# Christensen Arms???



## off route II (Sep 28, 2007)

I found a Christensen Arms in 6.5 creed and i'm not familiar with this brand. Anybody got any opinions. I've been thinking I want a 6.5 and it is a really nice looking gun.


----------



## John B. (Oct 2, 2007)

Worth every penny if you can afford it. They are fine. Buy with confidence. 
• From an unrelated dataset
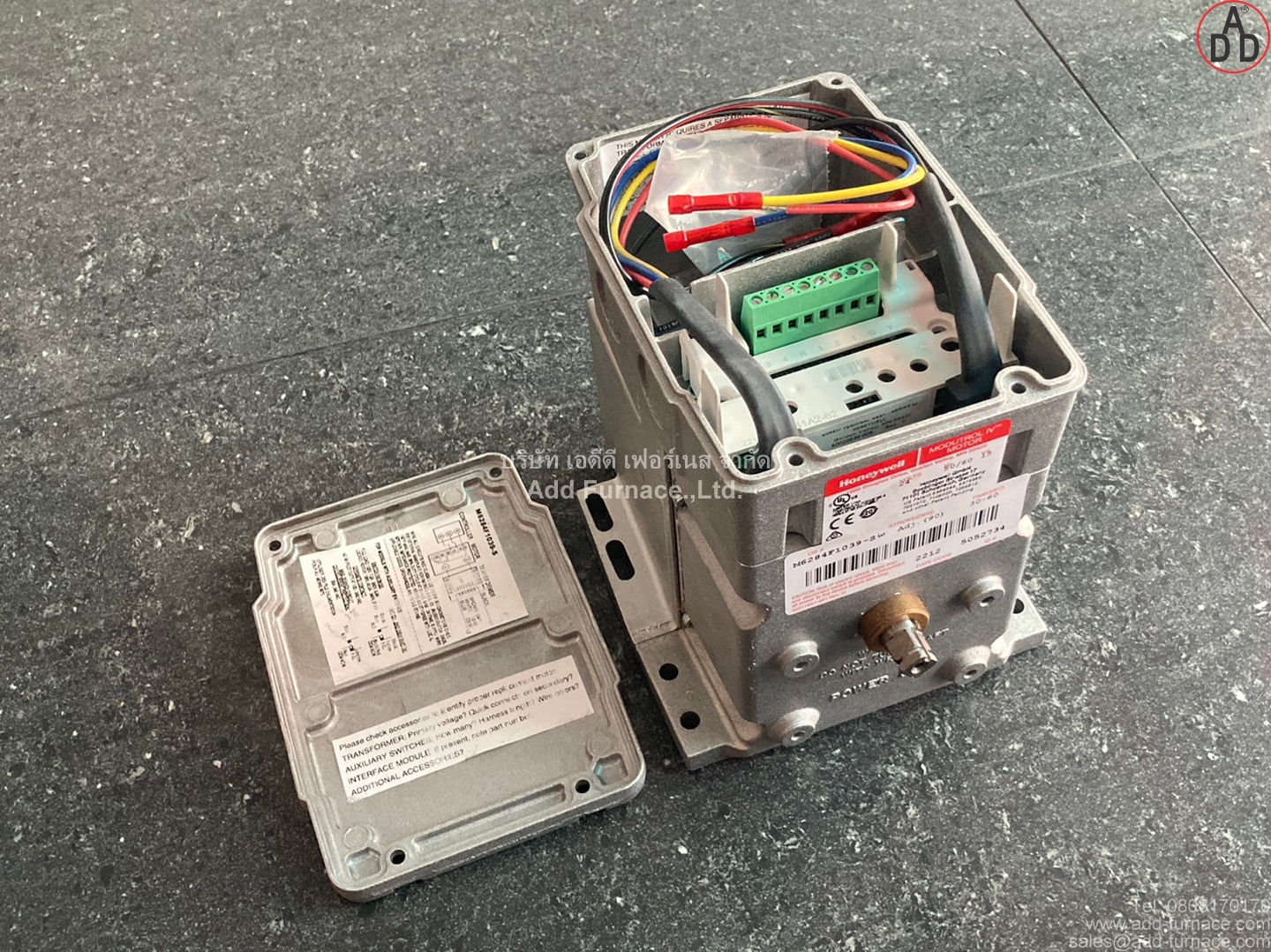 M6284F1039-S | Modutrol IV™ Motors - บริษัท เอดีดี เฟอร์เนส จำกัด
Sent from my SM-G950U using Tapatalk


----------



## MrFish (Aug 21, 2009)

Gun shop over here in Foley had a couple of their bolt guns. Those are some nice rifles.


----------



## 192 (Oct 1, 2007)

Played with them at Scott’s, you will not be disappointed Driscoll.


----------



## off route II (Sep 28, 2007)

Thanks for the input now I got to find me a scope. I think I’ll go ahead and get it


----------



## toma (Oct 10, 2007)

I have one of their Classic Carbons in 308. Super accurate. I just sent it back to get them to convert it from the carbon magazine to an AI magazine. I will say their customer service treated me like I was their only customer. Which model are you looking at?


----------



## off route II (Sep 28, 2007)

Mesa in bronze cerakote finish. It’s the bottom of the line but it still ain’t cheap


----------



## Splittine (Nov 24, 2007)

I have a couple of them. Can’t complain.


----------



## K-Bill (May 14, 2009)

super fine rifles. I was shooting a friend-of-a-friend's AR one day last year - had never heard of them. when I got home I looked it up and was soooo glad I didn't drop it. I was eyeing the bolt gun (also in 6.5 crd) Mike's had in there recent sale flyer. almost worth sleeping on the couch for a few nights...


----------